For years, cognitive scientists have described the human brain as operating like a computer when it comes to language, meaning it interprets letters and sounds in a binary, one-step-at-a-time fashion. It’s either a Labrador or a laptop.

But a recent study, led by Cornell psycholinguist and associate professor Michael Spivey, suggests that the mind may be comprehending language in a more fluid way.

“Our results have shown that the various parts of the brain that participate in language processing are passing their continuous, partially activated results onto each next stage, not waiting till it’s done to share information,” says Spivey. “It’s a lot more like a distributed neural network.”

Distributed networks are a familiar concept to computer users as well. But distributed neural networks found in biological systems process information (in this case, language) in decidedly different ways than artificial distributed networks. Whereas computers still perform calculations in a linear order, the human brain can make a continuous series of computations at the same time, passing information back and forth in a non-linear, self-organizing manner.

Ironically, Spivey used computer modeling, as well as the commonest PC accessory – a mouse – to demonstrate that human language comprehension is different than computer processing.

In the study, published in the Proceedings of the National Academy of Sciences in late June, 42 undergraduates followed instructions to click a mouse on one of two pictures on a computer monitor. Sometimes the images were different-sounding objects, such as “candle” and “jacket.” At other times, they were similar, such as “candle” and “candy.”

Researchers found that when the objects’ names were quite different, the mouse movements of the students followed a straight-line trajectory to the correct picture. When the words were similar, however, the trajectories were slower and arced. In the latter cases, Spivey hypothesized, subjects would begin processing a word at the first sound, then continued in an ambiguous state as they moved the mouse.

If the linear computer model of language comprehension were valid, the researchers expected that subjects would perform one of three actions: at some point, they’d recognize the word and decide on its meaning, making a linear mouse movement; they would make a mistake between similar-sounding words and correct themselves, as “packets” of information were processed; or they would wait to move until the entire word was understood.

Instead, the curving mouse trajectories seemed to reveal an ongoing process, one that Spivey sometimes compares to a state of quantum superposition – in this case, a mind existing in a “grey” area.

While Spivey, who co-authored the study with Marc Grosjean of the University of Dortmund, Germany, and Gunther Knoblich of Rutgers University, believes their latest work could eventually lead to a new model for understanding cognition, he admits that it’s a small step.

And a hot-button topic.

 “It’s quite a big debate right now [over the best model of language acquisition],” he says. “There are a lot of traditional cognitive scientists who are essentially digging their heels.”

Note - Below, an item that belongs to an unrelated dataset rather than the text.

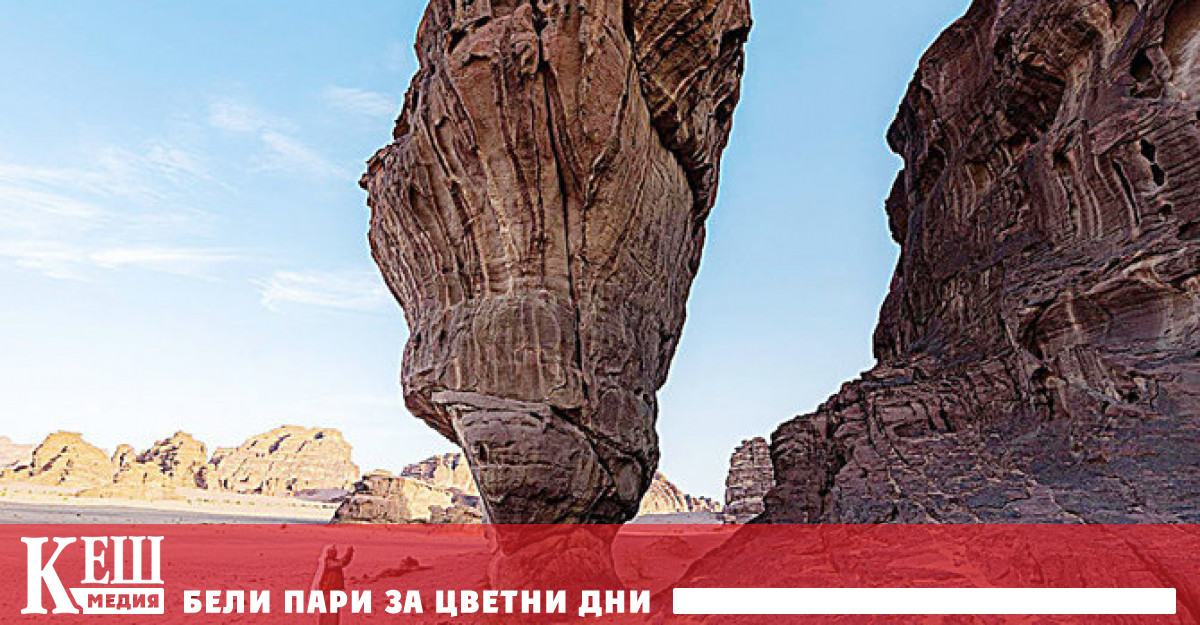 Умм Сархедж – мистерия сред пясъците на ХасмаВ северозападната част на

Jim Magnuson, an assistant psychology professor at the University of Connecticut and a researcher at the Haskins Laboratories in New Haven, CT, which specializes in biological bases of speech and language, thinks their work shows promise. But he also lays out the position of some critics: that the mouse movement “is potentially much more under conscious control than an eye movement.”

Measuring eye movements is the traditional method of cognitive studies – and a costly and complex one. As Magnuson points out, humans average 2 to 4 eye movements per second, “and you are not aware of most of them, but with a mouse movement, it’s quite intended.”

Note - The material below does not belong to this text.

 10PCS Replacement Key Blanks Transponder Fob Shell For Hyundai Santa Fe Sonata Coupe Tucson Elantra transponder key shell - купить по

Rather than discounting Spivey’s use of a mouse, though, Magnuson feels that it could be a “methodological innovation,” as well as leading to less-expensive experiments.

“Eye tracking has been an important tool in usability testing for websites,” Magnuson says. “Now you could end up using mouse tracking much the same way.”

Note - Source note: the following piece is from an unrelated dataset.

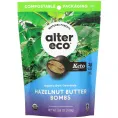 Alter Eco, Organic Dark Chocolate Hazelnut Butter Bombs, 3.8 oz ( 108 g)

Finally, besides hinting at new understandings of human cognition and new kinds of computer-assisted research and design, Spivey’s study might have implications for a field somewhere in the middle: artificial intelligence. As Spivey points out, biological neural networks might be a better model for creating AI applications, such as language-recognition systems, than binary-based computers.

 “If you want to invent a mind, you probably don’t want to be using a computer format,” Spivey says.